Stubborn Charachters! Need help converting CHR variable to Numeric (in R)

#1
Hi, I am an "R beginner", still getting my bearings.... please help.
I read in a csv as follows:
defense <- read.csv ("defense.csv", header=T, stringsAsFactors=F)
My issue is the dollar "amount" field was assigned "character" type, as follows:
str (defense)
'data.frame': 5024 obs. of 11 variables:
$ amount: chr "$548,277.00 " "$1,063,790.35 " "$2,988.72 "

I wish to change the "amount" field to numeric, so I can run meaningful aggregate functions i.e. the MEAN for the vector. I failed using the "as.numeric" and "type.convert", see following;
as.numeric ("defense$amount")
type.convert(defense$amount, na.strings = "NA", as.is = FALSE, dec = ".")
The str function still tells me that "amount" type is still "chr"
Any ideas?

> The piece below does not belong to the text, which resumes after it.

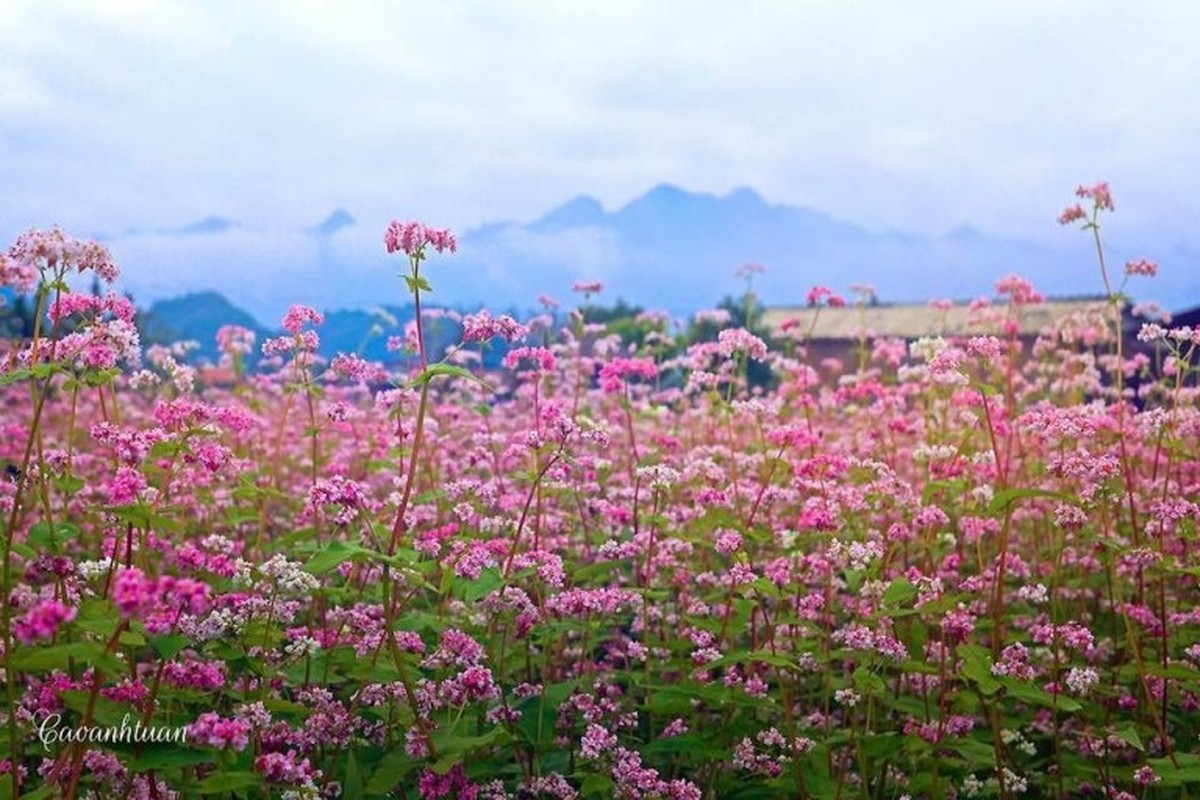 Mua hoa tam giac mach dep ngat ngay o Moc Chau-Hinh-5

Thank you. Eli
 

Dason

Ambassador to the humans
#2
The problem is that you do have characters in there. "," and "$" aren't numeric and aren't the decimal point so it doesn't know how to deal with those. The easiest way to deal with it is to remove those characters and then convert to numeric.

Code:
> x <- c("$1,000.2", "$3", "2.54")
> x
[1] "$1,000.2" "$3"       "2.54"    
> gsub("[$,]", "", x)
[1] "1000.2" "3"      "2.54"  
> as.numeric(gsub("[$,]", "", x))
[1] 1000.20    3.00    2.54
 
#3
Dason, thank you, the first line of code you recommended gsub... did as you indicated,
[5021] "279383.90 " "529923.40 " "32912.20 " "8008.80 "

However when I tried the as.numeric... I got the following response
[5021] 2.793839e+05 5.299234e+05 3.291220e+04 8.008800e+03
Warning message:
NAs introduced by coercion

And then when I checked the filed with the str command I seem to be back to the where I started with the $ and comma's
> str (defense2$amount)
chr [1:5024] "$548,277.00 " "$1,063,790.35 " "$2,988.72 " ...


Any ideas, much thanks. Eli
 

Dason

Ambassador to the humans
#4
I don't know why you are getting NAs for some values - I would need to see the data for that. But the way it is displayed is perfectly understandable - it uses scientific notation for large numeric values.

I think the second issue is that my code does the conversion but it doesn't write over the previous data. It's the difference between

Code:
> x <- 3 # original data
> x
 [1] 3
> # conversion
> x + 2
 [1] 5
> x # x is unchanged though
 [1] 3
> # write the changes back to the variable
> x <- x + 2
> x
 [1] 5
Hopefully the change you need to make becomes obvious now.